Archive for November 7th, 2008

Friday, November 7, 2008

Zeng Jinyan: May the Almighty Buddha give me Faith

[The actual title of Ms Zeng’s post of November 4 apparently reads “My Confession”. If you are fluent in Chinese, please look at Ms Zeng’s original post. My translation isn’t necessarily accurate.]

[…] Today I took Baobao to Grandma and Grandpa, and in the afternoon, the state security wanted to talk with me. At the beginning of the meeting I said that I was quite tired, and on the verge of a nerveous breakdown, I said that “if the news is good, please tell me, and if it is bad news, there’s no need to tell me.”

State security said there was still something to talk…

On the Si Hui bus line, because of sort of a small thing, I was crying right in the middle of the crowd. I’m not sure when I cried last time. Maybe it was when Hu Jia got his jail sentence?

In the evening, I was back at Freedom City. When I entered the courtyard, plain-clothed police under bright headlights watched me vigilantly. There was also an ordinary infrared camera on the roof of the gate. Every time I raise my head I realize a blood flash in front of my eyes.

As I’m writing now, it is sort of a confession to the state security police. It’s also a confession to myself and to Hu Jia. In the future, when he can read it for himself, he will understand.

If you want to prolong Hu Jia’s prison term, or exacerbate his punishment, I’m certainly opposing it, but can still do nothing about it. If you release him ahead of schedule, I’m of course happy about it – I’m longing for his return. Maybe there were some aspects of our working methodology on environmental protection, AIDS, human rights which weren’t mature, and anyone may  criticize and make suggestions. But we have [or are] neither troups, nor a ruling party, and certainly no so-called conspiracy. Maybe we are too naive or simple, maybe we are too powerless; what we believe is that the one you save is the one you save – it is one at a time.

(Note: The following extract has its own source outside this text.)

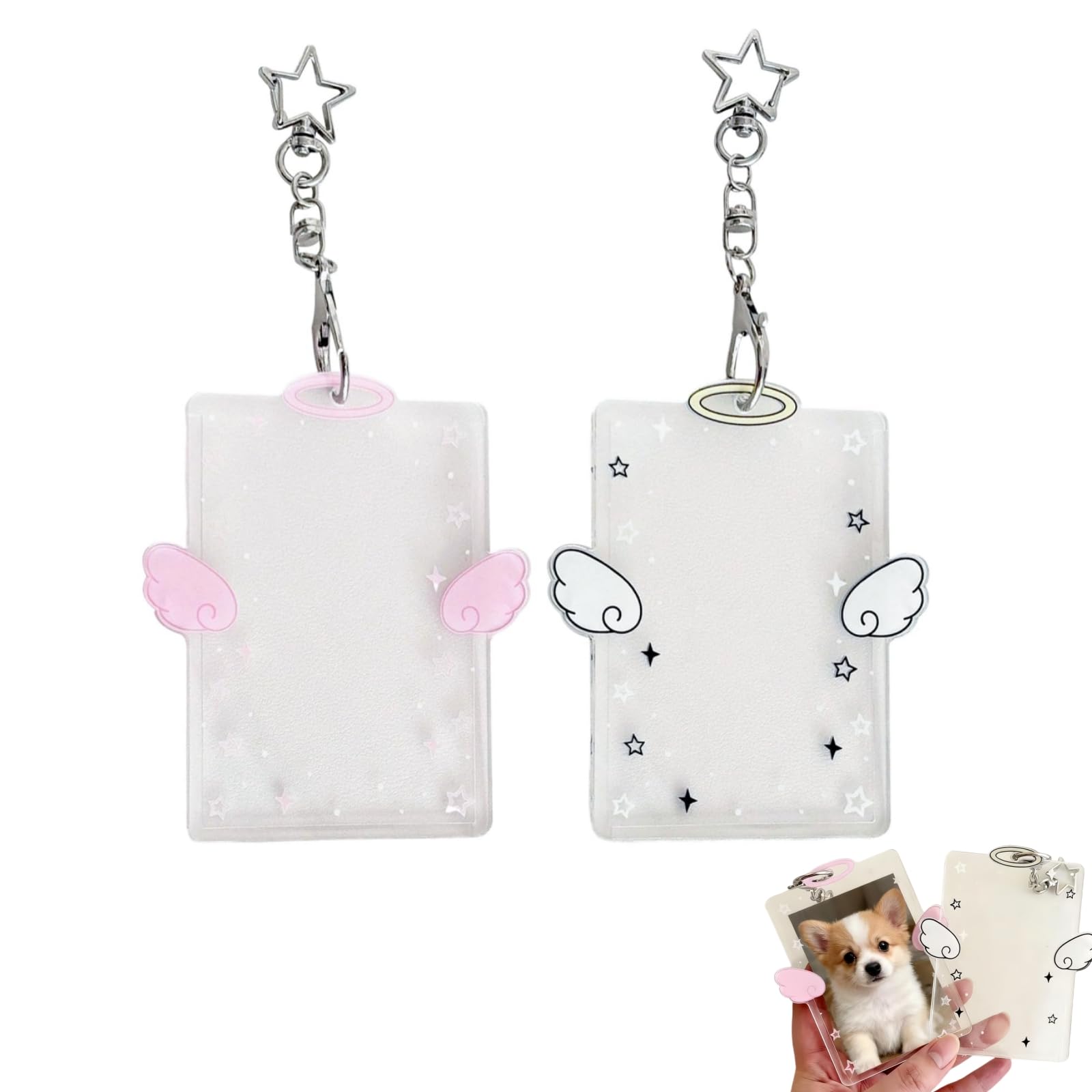 2-Pack Wing Shaped Photocard Holder - Clear Acrylic Cute Photocard Holder Keychain,Versatile for Student, Credit, and Bus Cards,Ideal Gift for Fans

You want me to do Hu Jia’s ideological work and make him return to society soon – how should I not wish that he returns soon? But I have no opportunity – even when discussing society matters in letters with Hu Jia, he won’t receive them, so what can I do? I can only live half a life time after time and make my best efforts for the child. If you only want my shell but not my independent spirit and my will power, what should I do with this shell? If the disappearance of my spirit and will is a convenient method for you to solve your problem, to me the solution would be that my shell disappears, too. But only the divine has the right to do that. We have no right to abandon our lives. All kinds of wrongs, apart from a life depriving itself or the rights of another life also includes enslaving another life’s spirit and outward human being.

My spirit and strength are exhausted. Even looking after my child is difficult to do, she seems to feel deeply unsafe […], I’m not eating enough hot meals, [I’m not in a good state], I’m lacking sleep and I’m absent-minded. I can’t react to the matters that are happening in the world. When you dislike an organization, dislike a person, when you dislike someone’s statement, 直接找他们说去。I can’t tell people to say something or not to say something, and I have no right to do so. Who is doing good should get praise; who does bad will sooner or later be reviled; that’s common practice in China and the world.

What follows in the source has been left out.